I've done this mostly bc this page recommends doing this as a test:

http://www.itl.nist.gov/div898/handbook/eda/section3/probplot.htm

2

There are 2 best solutions below

5
On BEST ANSWER

You have produced a normal QQ-plot, which should plot as a straight line if your data were in fact normal. Your data definitely does NOT fall on a straight line, despite the large $R^2$ value (now you know a weakness of that measure of fit). This data is decidedly non-normal, so using a normal distribution would lead to incorrect or innacurate inferences. Even without outliers, your data exhibit excessive right skew compared to a normal distribution. The modified data also appear to be relatively light-tailed (less probability in the extremes) than a normal distribution. Here are some suggestions:

  1. The first task in data analysis is to determine what question you are trying to answer. Why are you eliminating "outliers"? They seem fairly common in your data and appear to be an important feature of your system. You should keep these unless you are only trying to model or analyze "normal" or "non emergency" situations.
  2. Depending on the answer to 1, you will need to decide how sophisticated you want to get. If you insist on using normal-based theory, you need to transform your data to make it look normal. There are a number of techniques to do this: Since you are familiar with the NIST manual and are a programmer, I assume you have good facility with different comp. languages -- you may want to try implementing a Box-Cox Transform on your modified data.
  3. Another option is to avoid transforms and fit a more appropriate model to your raw data (modified or not) using several common parametric fitting methods: maximum likelihood, or method of moments. There are several parametric families of distributions that can usefully model right sekwed, non-negative data: Gamma, lognormal or various others. A helpful gallery of distributions is also on NIST, so you can see the general shapes (and read about their properties) and see which best fit your data.

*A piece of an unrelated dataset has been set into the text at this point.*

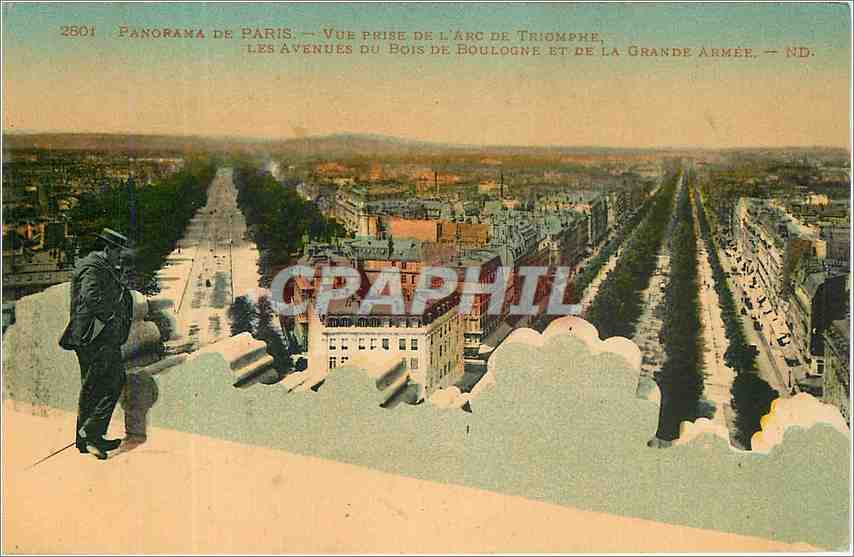 CPA Panorama de Paris Vue prise de l'Arc de Triomphe Les Avenues du Bois de Boulogne et de la Grande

You can evaluate most distributional fits using QQ-plots for different distributions (check your software documentation to see what QQ plots are avaialble or probability plots) and see which gives the most linear relationship.

Once you have a satisfactory model (i.e, it captures the KEY features you care about...in your case, I'd guess it's the propensity for outliers and so you would want to have a distribution with relatively high Kurtosis (>3) or excess kurtosis (>0), if your data has such a high kurtosis). Now, you can use your fitted model to make inferences, do Monte Carlo simulations, or whatever else you want to analyze.

1
On

It's hard to say for sure what's going on here, but it looks like you just fit a line to the cumulative distribution function, but with axis units in terms of... well, i'm not sure. You would get more mileage out of the probability density function in this case. I say this because of the roughly sigmoidal shape. On the one hand, the normal distribution would give you a CDF that looks like this, on the other hand, so do a wide variety of probability distributions.

Fitting a line to this data (without regard to r^2) does not help you test or reject the hypothesis that the data is normal. Instead, you should try some normality testing.

As for those 'outliers', how much of your data do they represent?